恵みあるうちに 2022年 9月124号 「真珠湾攻撃を指揮した淵田美津雄」

恵みあるうちに124号

真珠湾攻撃を指揮した淵田美津雄

 淵田美津雄氏は太平洋戦争の真珠湾攻撃の際、自ら爆撃機に乗り込んで攻撃を指揮した隊長です。映画のタイトルにもなった「トラ・トラ・トラ」(ワレ奇襲ニ成功セリ)を打電したことで有名です。戦争終了時は連合艦隊参謀という高い位にありました。戦争中はヒーローでしたが、終戦とともに、日本を敗戦と混乱に導いた軍の首脳に対する人々の目は冷ややかなものに変わりました。失意の中、淵田氏は郷里に戻って畑仕事を始めました。
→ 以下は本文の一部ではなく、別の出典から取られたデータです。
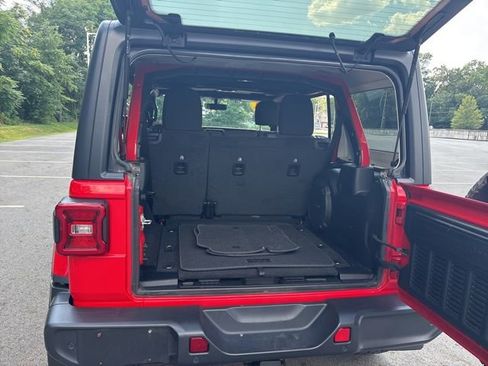Used 2021 Jeep Wrangler Unlimited Sport image 19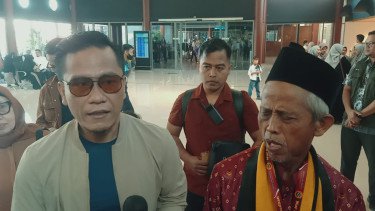 Gus Miftah Penuhi Janji Umrahkan Guru Ngaji yang Dituntut Rp25 Juta&nbsp;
作物が太陽の恵みと天からの雨によって育つ様を見て、これまでに感じたことのない、人間を越えた神の存在を意識するようになりました。

あるアメリカ人女性の親切

 ある日、淵田氏は戦友を通して、心打たれる話を聞きました。それは、アメリカ軍の捕虜収容所で、日本人の捕虜たちにとても親切にしてくれた一人の若いアメリカ人の娘さんの話でした。彼女はこう言ったそうです。
 「私の両親は宣教師で、フィリピンにいました。日本軍がフィリピンを占領したので、難を避けて山中に隠れていましたが、ある日、見つかってしまいました。両親はスパイの疑いをかけられて殺されました。殺される前に、両親は30分の猶予を求め、聖書を読んで神様に祈ってから斬首されました。私は両親の死を知って、大変な悲しみと憤りでいっぱいになりました。けれども、両親が殺される前の30分の間に祈った祈りが何であったかと考えました。すると私の気持ちは憎しみから愛に変えられたのです。本当の神様を知らず、キリストを知らない日本人に、両親が命をかけて伝えたキリストを伝えたい。そう思って私はここに来たのです。」
 

キリストを信じた 淵田美津雄氏

 この話がきっかけとなって、淵田氏は聖書に関心を持ち、聖書を読むようになりました。そして十字架でのキリストの祈りの言葉に目が留まりました。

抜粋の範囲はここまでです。